Wednesday, September 4, 2013

Ignorance is not bliss

Let me first start with something I found rather interesting and somewhat quaint. When at the turn of the 1900 Century the highly radioactive element Radium was discovered by Marie Curie, the French public and the tabloid press were fascinated by it. Rather touchingly though no one had a clue what radioactivity really was assumed it must be wholesome and healthy. So all sorts of weird and wonderful uses for it began to hit the streets; Radium bath products, Radium eau de Cologne, Atomic perfume and Radium face cream that was supposed to enhance beauty through healthy skin. Here, perhaps Ignorance is truly bliss.

There are bumper stickers that claim, "Ignorance is NOT bliss" so it’s got to be asked; is ignorance really bliss? 

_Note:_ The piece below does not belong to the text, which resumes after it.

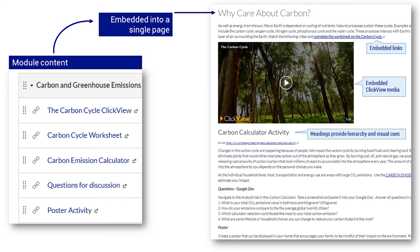The content on the left would work well as part of a face-to-face lesson, as its delivery would require teacher explanations on how to use the resources. The content on the right, organised as a page, could be set as independent work or used with a data projector as part of face-to-face teaching.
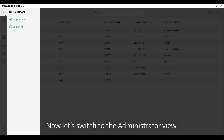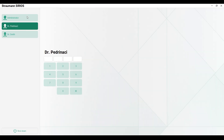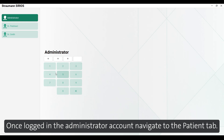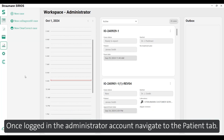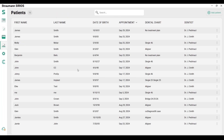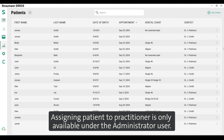Now let's switch to the administrator view. Once logged into the administrator account, navigate to the patient tab. Assigning a patient practitioner is only available under the administrator user.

Thomas Gray’s “Ode on a Distant Prospect of Eton College” which was written in 1742, which introduces and concludes with the famed line “…where ignorance is bliss, ‘Tis folly to be wise.” This concept basically means that as long as one lacks knowledge, they are able to be carefree. Nostalgically reminisces about the bliss of youth with its carefree days of playfulness unmarred by the dark realities of adult life.  The poem reveals Gray's double perspective that not only is ignorance bliss but knowledge is misery.

So what of psychology and the apparent contrast?  It is a kind of splitting, in which we remember what we once had as better than it was and we relate to what we do have as worse than it is.  Is childhood really all that blissful?  And is adulthood really all that miserable?